Illness, disease, and sickness absence: an empirical test of differences between concepts of ill health
- 1Department of Work and Health, Swedish National Institute for Working Life, Stockholm, Sweden
- 2Section of Personal Injury Prevention, Department of Clinical Neuroscience, Karolinska Institute, Stockholm, Sweden
- Correspondence to: Dr A Wikman Department for Work and Health, National Institute for Working Life, 113 91 Stockholm, Sweden;
- Accepted 18 January 2005
Objectives: In studies of public health and morbidity different concepts of ill health are often seen as interchangeable alternatives. With the help of extensive population information this research intends to show how different concepts and measurements produce very different pictures of health and ill health. The concept trilogy of “illness,” “disease,” and “sickness” is used to capture different aspects of ill health.

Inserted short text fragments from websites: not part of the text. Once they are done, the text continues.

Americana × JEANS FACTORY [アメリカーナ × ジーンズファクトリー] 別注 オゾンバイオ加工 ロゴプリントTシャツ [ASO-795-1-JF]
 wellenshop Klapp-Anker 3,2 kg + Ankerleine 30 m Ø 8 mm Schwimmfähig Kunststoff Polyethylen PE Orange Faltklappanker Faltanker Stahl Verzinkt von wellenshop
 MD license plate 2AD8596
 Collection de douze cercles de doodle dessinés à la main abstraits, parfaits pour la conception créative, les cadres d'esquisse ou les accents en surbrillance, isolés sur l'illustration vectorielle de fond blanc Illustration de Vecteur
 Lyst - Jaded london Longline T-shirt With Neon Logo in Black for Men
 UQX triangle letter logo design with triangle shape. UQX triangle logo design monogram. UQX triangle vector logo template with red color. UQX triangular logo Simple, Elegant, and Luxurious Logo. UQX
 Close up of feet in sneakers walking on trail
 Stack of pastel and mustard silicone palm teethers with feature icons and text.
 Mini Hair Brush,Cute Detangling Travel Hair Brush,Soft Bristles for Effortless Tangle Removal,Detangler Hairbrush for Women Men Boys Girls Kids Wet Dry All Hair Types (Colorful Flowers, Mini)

Design: Cross sectional data were obtained through comprehensive interview surveys 1988–2001 and registers of sickness absence. Because of lack of data some years had to be excluded.
Settings: Swedish population.
Participants: Annual data for around 3500 employed and self employed persons.
Main results: Most people have some sort of illness or complaint. Fewer could be registered with a disease. Even fewer had been on sick leave. The overlap was fairly low. There also was an obvious discrepancy between reporting having a disease and a subject’s rating of general health. It was shown that the different concepts showed different trends over time.
Conclusions: The discrepancies between the concepts imply that you have to be very careful when using public health data to illustrate different aspects of morbidity. The comparatively low degree of overlap between them shows that they represent different realities. There is a need to do further empirical research about how different aspects of morbidity are interrelated. Their lack of interrelation seems to be an important research area worth developing further.
Conflicts of interest: none declared.